Le réseau électrique iranien dans le viseur de Washington, celui du Golfe dans la réponse de Téhéran

La prochaine phase de la guerre contre l’Iran pourrait se jouer sur l’électricité. Axios rapportait vendredi que le président Trump envisageait sérieusement de frapper des cibles énergétiques en Iran dans les prochains jours, même si un responsable américain a indiqué qu’aucun ordre définitif n’avait été donné. Le Wall Street Journal rapportait que des préparatifs étaient en cours pour une nouvelle campagne, avec des opérations possibles dès ce week-end, et CBS rapportait que les États-Unis et Israël coordonnaient d’éventuelles frappes conjointes contre des raffineries de pétrole et des centrales électriques, ce qui marquerait la première participation directe d’Israël à la campagne depuis des semaines.

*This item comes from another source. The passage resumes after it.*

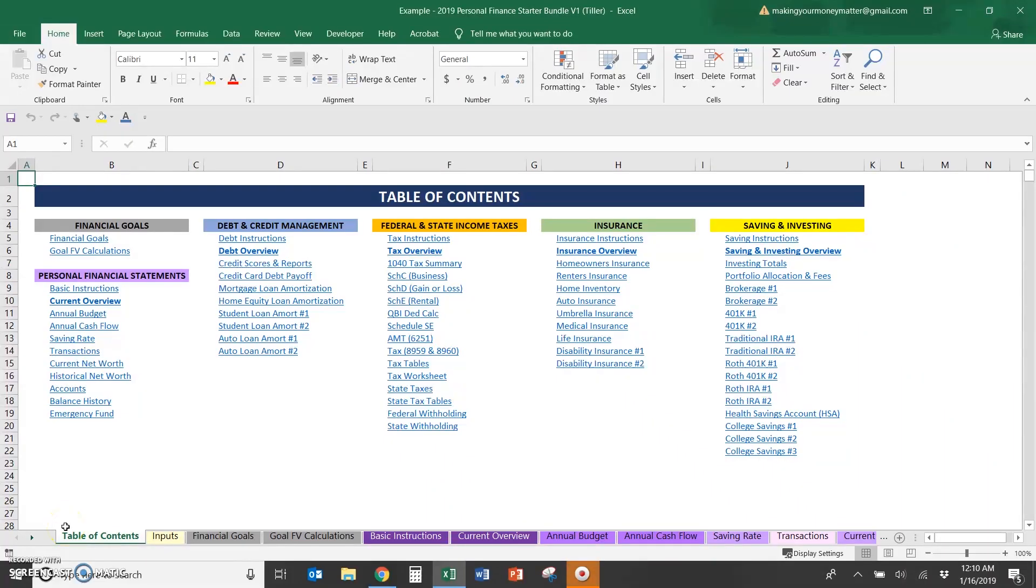This video is going to quickly show the Tiller version of my spreadsheet bundle, how it works, how it's different than the basic one, and just a really quick overview of how to use it.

L’objectif déclaré est de faire pression sur Téhéran pour qu’il accepte les conditions du cessez-le-feu. Tous les articles portent la même réserve : les plans peuvent être annulés jusqu’au moment où ils débutent. Lors de la réunion du cabinet à Camp David, Trump a déclaré qu’il perdait confiance en Téhéran, a accusé les Iraniens de mentir et de déformer les faits, et a promis de les frapper très durement jusqu’à ce qu’ils décident qu’ils n’en peuvent plus. Les responsables présents dans la salle ont rapporté que son résumé en une phrase était qu’il veut gagner.

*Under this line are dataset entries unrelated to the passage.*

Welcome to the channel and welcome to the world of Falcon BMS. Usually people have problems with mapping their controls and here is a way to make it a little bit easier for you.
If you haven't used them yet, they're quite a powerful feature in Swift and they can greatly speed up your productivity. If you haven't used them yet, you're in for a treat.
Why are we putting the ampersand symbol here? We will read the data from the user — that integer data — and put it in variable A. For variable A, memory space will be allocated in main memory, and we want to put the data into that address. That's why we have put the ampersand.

Téhéran a déjà rédigé la réponse. Nour News, un média proche du Conseil suprême de sécurité nationale iranien, a averti samedi qu’une frappe sur les infrastructures énergétiques de l’Iran déclencherait une crise énergétique régionale plus large et a cité les installations qui, selon lui, seraient menacées : le champ pétrolier de Ghawar et les usines de traitement d’Abqaiq et de Khurais en Arabie saoudite, le champ de Zakum et la raffinerie de Ruwais aux Émirats arabes unis, le complexe gazier de Ras Laffan au Qatar, le champ de Burgan au Koweït, la raffinerie de Sitra à Bahreïn, et les champs gaziers de Leviathan et de Tamar en Israël. Un haut responsable de la sécurité iranienne a déclaré à l’agence de presse Tasnim que les informations faisant état de frappes imminentes relevaient de la folie et que l’Iran avait élaboré des stratégies de représailles globales couvrant les actifs énergétiques américains dans tout le Moyen-Orient ainsi que les installations critiques en Israël.

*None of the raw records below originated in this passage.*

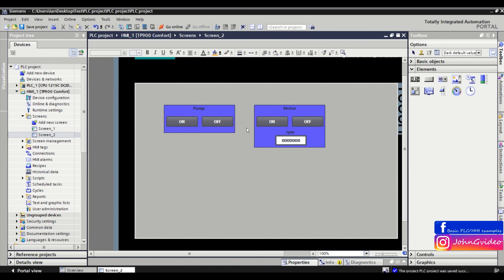So I think this is the easier way to do this compared to copying the code of the color and then pasting it to another object. So thank you for watching this video and goodbye.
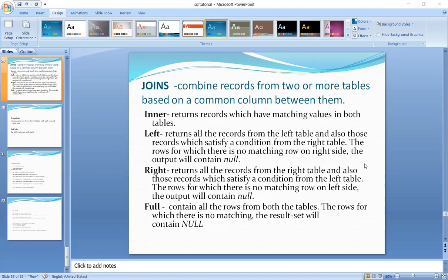This is the right join. Right join returns all the records from the right table, and also those records which satisfy a condition from the left table. For rows where there is no matching row on the left side, the output contains null.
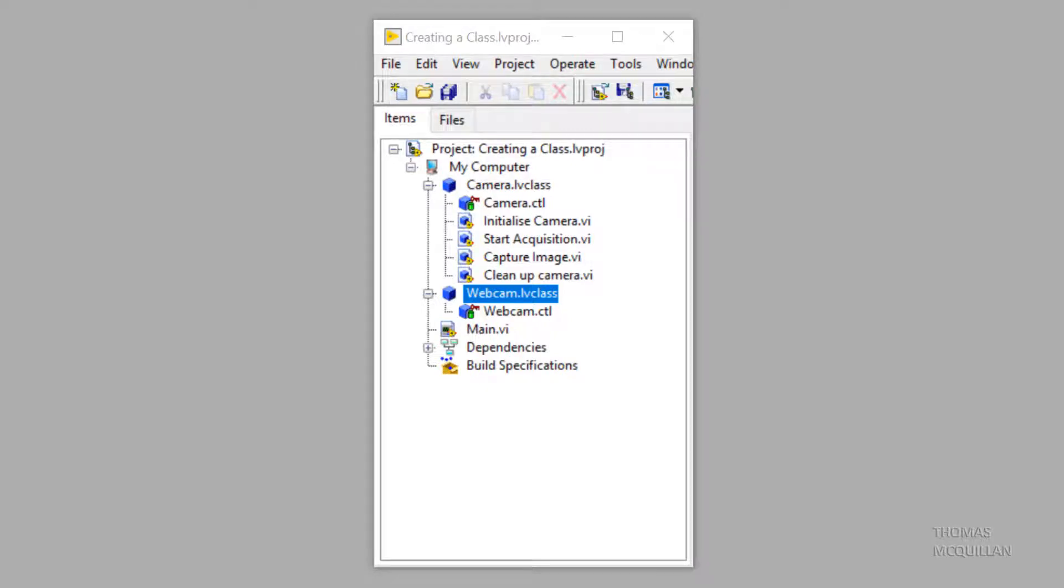Welcome back team. So this is the start of two videos about inheritance. Now inheritance really gives object-oriented programming its immense power. In this video I'm going to show you how we can make one class inherit from another class.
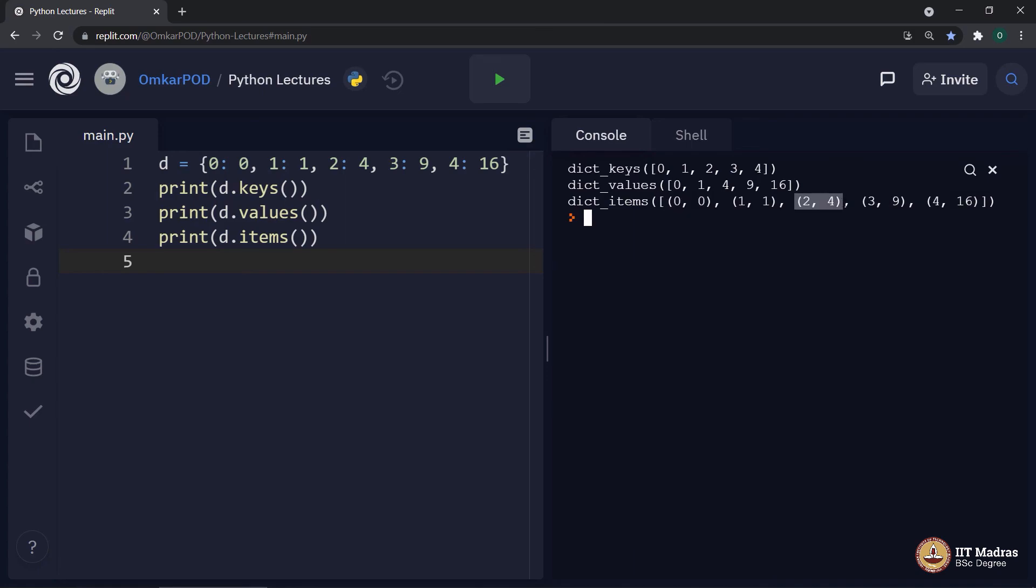And that tuple holds two elements, key as well as value. This is another place where Python can internally use tuples.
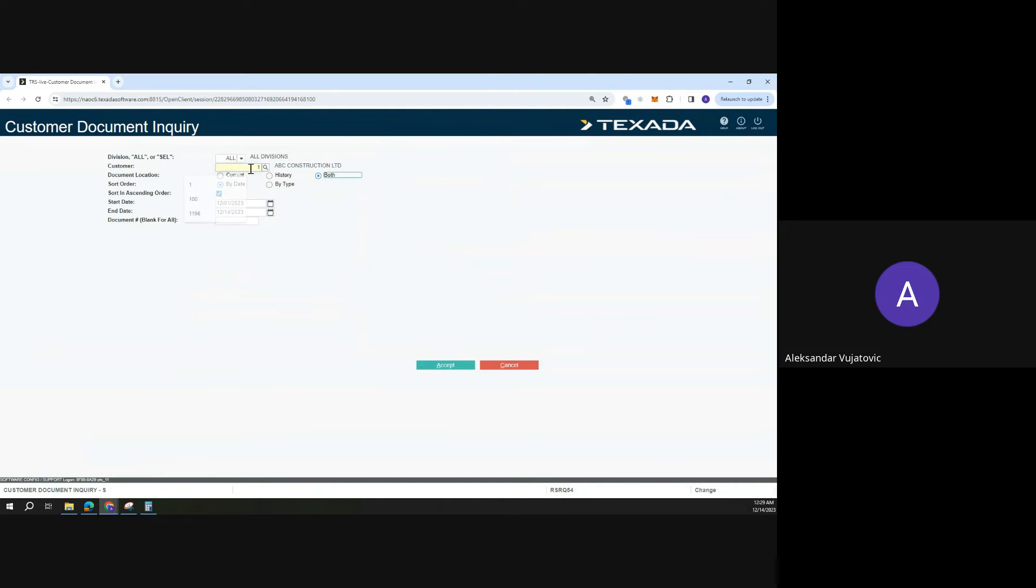Again, pulling up ABC Construction, choosing batch, historic, or current invoices. I can set the date range here.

Ce n’est pas la première fois que cette escalade particulière est brandie. En mars, Trump avait donné un ultimatum à Téhéran au sujet du détroit et avait menacé d’anéantir les centrales électriques iraniennes ; l’Iran avait répondu que si ses infrastructures de carburant et d’énergie étaient attaquées, toutes les infrastructures énergétiques américaines de la région deviendraient des cibles, ainsi que les installations de dessalement. Les frappes avaient été reportées après des négociations, et la menace avait été rangée. Elle est maintenant revenue, alors que la guerre en est à cinq mois, que le pétrole dépasse 90 dollars le baril et que les deux camps attaquent déjà la navigation.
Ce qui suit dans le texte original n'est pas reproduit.